A picnic Thursday at a park in Fairbanks, Alaska, was supposed to have been a welcome home for the troops of the Army's 172nd Stryker Brigade, based at nearby Fort Wainwright.
Sgt. Brian Pearce is one of 300 soldiers who got home only to receive the shocking news last week that the brigade's tour of duty had been extended and that he and the others would have to go back to Iraq.
As he gets ready to leave, he says his wife, Angie, has been an unsung hero through all of this.
"She is amazing," says Pearce. "I don't know how she does everything she does."
The Army says its Stryker Brigades operate heavily armored vehicles, ideally suited to deal with the kind of urban warfare that's tearing up Baghdad.
"We need competent units and experienced units, and the 172nd really fits that description to a T," says Secretary of the Army Francis Harvey.
That's little comfort for the families on the home front.

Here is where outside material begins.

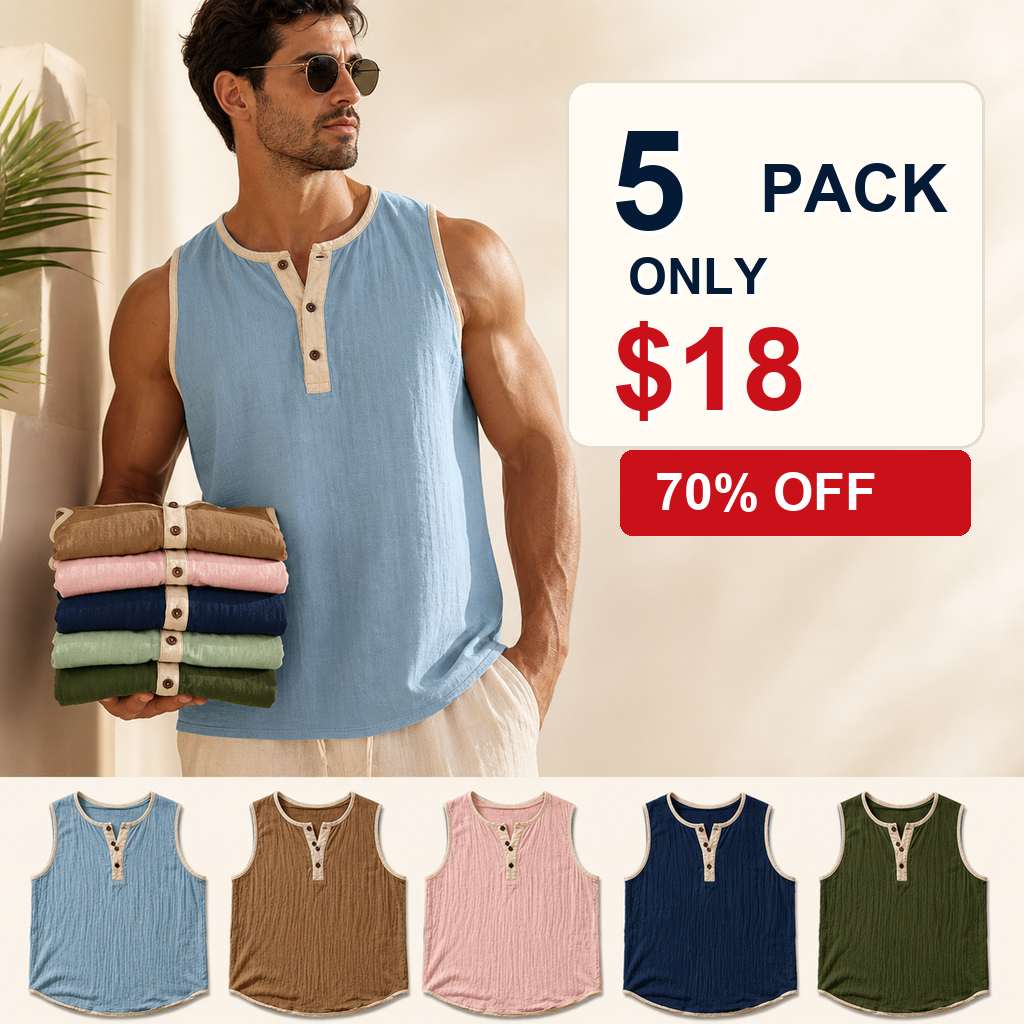 5 pack only 18 dollars men's sleeveless henley tank tops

Some have voiced their feelings on an Internet blog, www.bringhome172nd.org.
President Bush said the soldiers have to stay in Iraq, but he didn't have to feel my heart breaking," says Jade Webber, whose husband, Timothy, left for Iraq one year ago Thursday, leaving her and their two small sons. She says when they found out Daddy wasn't coming home, it was shattering.
"I felt like I was dying," says Webber. "All I could do was cry."

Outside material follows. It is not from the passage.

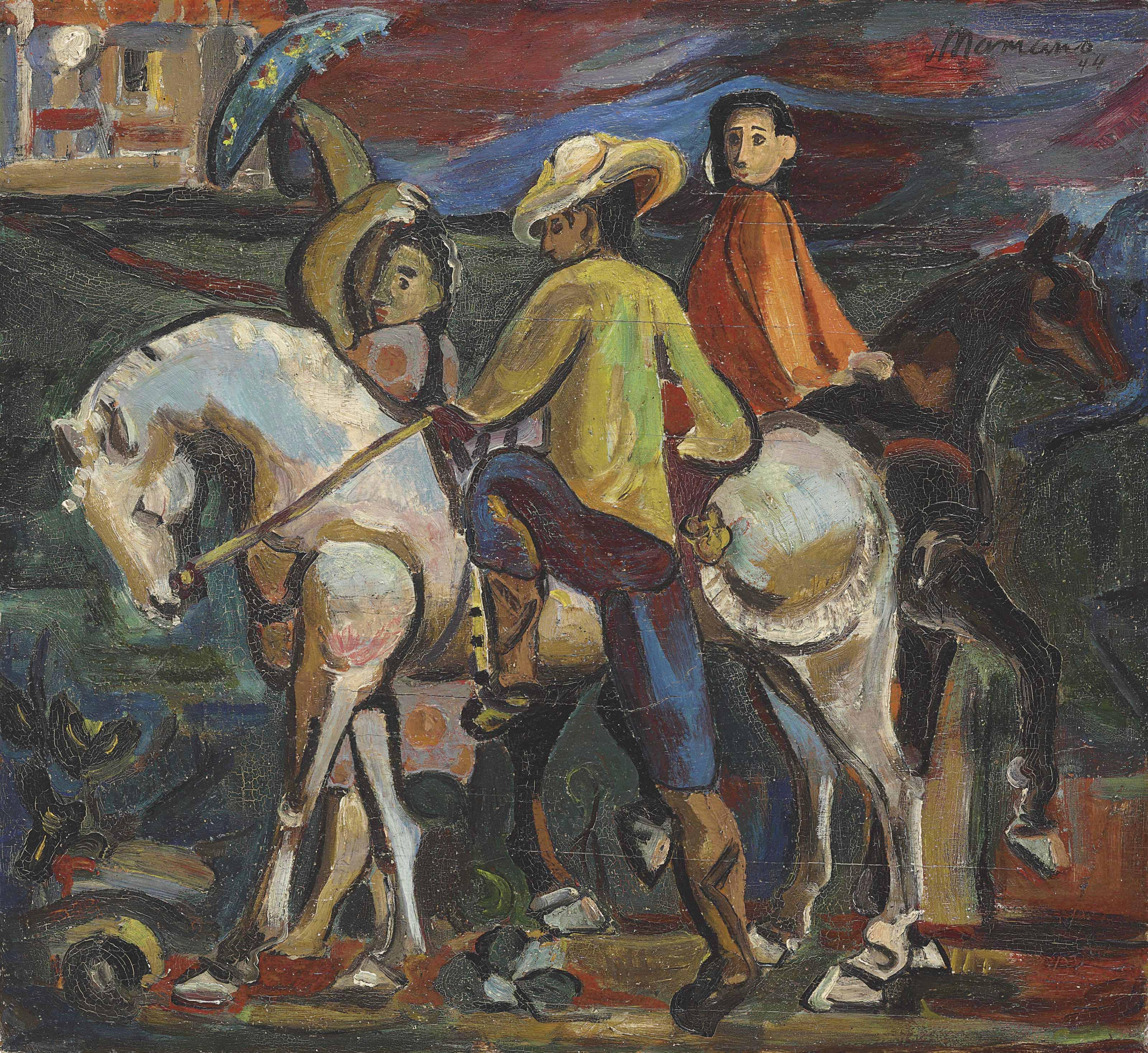 Mariano Rodríguez - Guajiros a caballo y mujer con sombrilla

The main road through Fort Wainwright is still bedecked with signs welcoming the troops home. But now that the soldiers are shipping out, families will be taking down the signs and storing them for what many hope will be the real homecoming in a few months,
The troops will leave for Iraq on Saturday. Until then, they will try to savor a few last moments of happiness with their families.